- _Exercise prompt_
Every line of the entries below from the one containing "Stag Lodge At" to the one containing "12 Landmark Rd, Warwick, RI 02886 photo 2", both ends included, must be written out exactly. No other line belongs in the answer.

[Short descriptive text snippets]
[Start of section]
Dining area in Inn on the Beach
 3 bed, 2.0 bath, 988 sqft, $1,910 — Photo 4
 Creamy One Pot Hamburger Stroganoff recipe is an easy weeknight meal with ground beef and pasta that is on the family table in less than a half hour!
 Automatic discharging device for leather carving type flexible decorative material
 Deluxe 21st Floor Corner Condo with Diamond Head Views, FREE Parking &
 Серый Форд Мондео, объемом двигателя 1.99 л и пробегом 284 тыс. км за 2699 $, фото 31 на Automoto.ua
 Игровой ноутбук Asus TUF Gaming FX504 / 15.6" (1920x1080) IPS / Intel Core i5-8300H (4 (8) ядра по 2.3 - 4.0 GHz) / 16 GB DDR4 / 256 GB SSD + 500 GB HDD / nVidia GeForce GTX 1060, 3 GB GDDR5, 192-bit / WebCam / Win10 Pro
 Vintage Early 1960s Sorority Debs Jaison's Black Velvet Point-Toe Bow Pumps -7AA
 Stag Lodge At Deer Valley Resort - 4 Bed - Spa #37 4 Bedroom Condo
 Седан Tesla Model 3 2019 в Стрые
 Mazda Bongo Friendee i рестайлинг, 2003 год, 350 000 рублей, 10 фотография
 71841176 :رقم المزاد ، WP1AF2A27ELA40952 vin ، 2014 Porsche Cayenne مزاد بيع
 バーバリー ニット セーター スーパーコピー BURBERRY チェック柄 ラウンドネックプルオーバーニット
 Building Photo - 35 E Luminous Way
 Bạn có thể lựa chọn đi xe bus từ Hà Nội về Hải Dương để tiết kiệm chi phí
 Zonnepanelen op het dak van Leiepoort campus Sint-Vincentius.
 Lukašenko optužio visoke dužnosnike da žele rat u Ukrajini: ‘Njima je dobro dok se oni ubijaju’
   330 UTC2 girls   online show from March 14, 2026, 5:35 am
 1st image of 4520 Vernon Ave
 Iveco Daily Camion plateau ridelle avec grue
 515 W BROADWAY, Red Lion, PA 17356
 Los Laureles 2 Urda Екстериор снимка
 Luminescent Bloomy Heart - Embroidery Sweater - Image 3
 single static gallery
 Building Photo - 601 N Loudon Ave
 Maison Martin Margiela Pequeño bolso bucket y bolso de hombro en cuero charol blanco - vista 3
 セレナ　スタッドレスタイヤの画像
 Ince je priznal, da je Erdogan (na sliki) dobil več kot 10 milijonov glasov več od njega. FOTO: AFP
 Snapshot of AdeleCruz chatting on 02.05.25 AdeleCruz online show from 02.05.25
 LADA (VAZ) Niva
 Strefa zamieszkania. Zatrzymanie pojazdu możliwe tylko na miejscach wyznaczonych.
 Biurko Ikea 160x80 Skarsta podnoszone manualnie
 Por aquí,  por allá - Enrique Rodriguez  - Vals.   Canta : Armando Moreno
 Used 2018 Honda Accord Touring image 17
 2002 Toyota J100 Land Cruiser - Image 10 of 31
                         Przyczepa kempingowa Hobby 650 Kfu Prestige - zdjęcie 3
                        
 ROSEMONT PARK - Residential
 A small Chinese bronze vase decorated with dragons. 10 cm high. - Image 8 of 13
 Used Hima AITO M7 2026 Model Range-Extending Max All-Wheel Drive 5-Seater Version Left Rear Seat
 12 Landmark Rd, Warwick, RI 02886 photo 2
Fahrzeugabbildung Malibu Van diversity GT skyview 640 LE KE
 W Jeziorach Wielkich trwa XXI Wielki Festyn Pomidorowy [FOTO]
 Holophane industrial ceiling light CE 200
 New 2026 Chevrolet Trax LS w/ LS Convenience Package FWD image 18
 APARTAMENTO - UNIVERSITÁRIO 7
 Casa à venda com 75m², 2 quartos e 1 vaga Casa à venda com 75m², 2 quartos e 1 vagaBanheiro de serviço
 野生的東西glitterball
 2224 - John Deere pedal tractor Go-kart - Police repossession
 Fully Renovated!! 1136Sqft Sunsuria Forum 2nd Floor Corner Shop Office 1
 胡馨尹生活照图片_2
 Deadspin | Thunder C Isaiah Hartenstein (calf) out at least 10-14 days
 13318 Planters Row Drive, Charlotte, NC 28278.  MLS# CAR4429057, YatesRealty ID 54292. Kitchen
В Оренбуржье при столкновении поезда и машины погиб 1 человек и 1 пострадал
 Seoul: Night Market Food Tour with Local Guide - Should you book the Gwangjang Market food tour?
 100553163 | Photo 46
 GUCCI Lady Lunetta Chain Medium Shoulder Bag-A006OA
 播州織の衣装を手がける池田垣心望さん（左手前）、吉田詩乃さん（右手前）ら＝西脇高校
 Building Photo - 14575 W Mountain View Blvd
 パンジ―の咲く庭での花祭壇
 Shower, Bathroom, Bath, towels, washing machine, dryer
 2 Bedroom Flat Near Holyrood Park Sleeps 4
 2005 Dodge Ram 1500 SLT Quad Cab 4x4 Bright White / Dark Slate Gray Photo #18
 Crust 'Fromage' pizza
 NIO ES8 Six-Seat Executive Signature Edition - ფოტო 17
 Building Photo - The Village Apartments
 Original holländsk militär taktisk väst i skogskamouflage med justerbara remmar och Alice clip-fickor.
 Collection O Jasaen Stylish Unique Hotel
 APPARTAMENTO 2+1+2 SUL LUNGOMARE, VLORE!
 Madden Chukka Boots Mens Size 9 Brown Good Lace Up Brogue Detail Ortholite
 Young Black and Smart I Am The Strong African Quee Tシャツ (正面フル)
[End of section]
- _Exercise output_
 Stag Lodge At Deer Valley Resort - 4 Bed - Spa #37 4 Bedroom Condo
 Седан Tesla Model 3 2019 в Стрые
 Mazda Bongo Friendee i рестайлинг, 2003 год, 350 000 рублей, 10 фотография
 71841176 :رقم المزاد ، WP1AF2A27ELA40952 vin ، 2014 Porsche Cayenne مزاد بيع
 バーバリー ニット セーター スーパーコピー BURBERRY チェック柄 ラウンドネックプルオーバーニット
 Building Photo - 35 E Luminous Way
 Bạn có thể lựa chọn đi xe bus từ Hà Nội về Hải Dương để tiết kiệm chi phí
 Zonnepanelen op het dak van Leiepoort campus Sint-Vincentius.
 Lukašenko optužio visoke dužnosnike da žele rat u Ukrajini: ‘Njima je dobro dok se oni ubijaju’
   330 UTC2 girls   online show from March 14, 2026, 5:35 am
 1st image of 4520 Vernon Ave
 Iveco Daily Camion plateau ridelle avec grue
 515 W BROADWAY, Red Lion, PA 17356
 Los Laureles 2 Urda Екстериор снимка
 Luminescent Bloomy Heart - Embroidery Sweater - Image 3
 single static gallery
 Building Photo - 601 N Loudon Ave
 Maison Martin Margiela Pequeño bolso bucket y bolso de hombro en cuero charol blanco - vista 3
 セレナ　スタッドレスタイヤの画像
 Ince je priznal, da je Erdogan (na sliki) dobil več kot 10 milijonov glasov več od njega. FOTO: AFP
 Snapshot of AdeleCruz chatting on 02.05.25 AdeleCruz online show from 02.05.25
 LADA (VAZ) Niva
 Strefa zamieszkania. Zatrzymanie pojazdu możliwe tylko na miejscach wyznaczonych.
 Biurko Ikea 160x80 Skarsta podnoszone manualnie
 Por aquí,  por allá - Enrique Rodriguez  - Vals.   Canta : Armando Moreno
 Used 2018 Honda Accord Touring image 17
 2002 Toyota J100 Land Cruiser - Image 10 of 31
                         Przyczepa kempingowa Hobby 650 Kfu Prestige - zdjęcie 3
                        
 ROSEMONT PARK - Residential
 A small Chinese bronze vase decorated with dragons. 10 cm high. - Image 8 of 13
 Used Hima AITO M7 2026 Model Range-Extending Max All-Wheel Drive 5-Seater Version Left Rear Seat
 12 Landmark Rd, Warwick, RI 02886 photo 2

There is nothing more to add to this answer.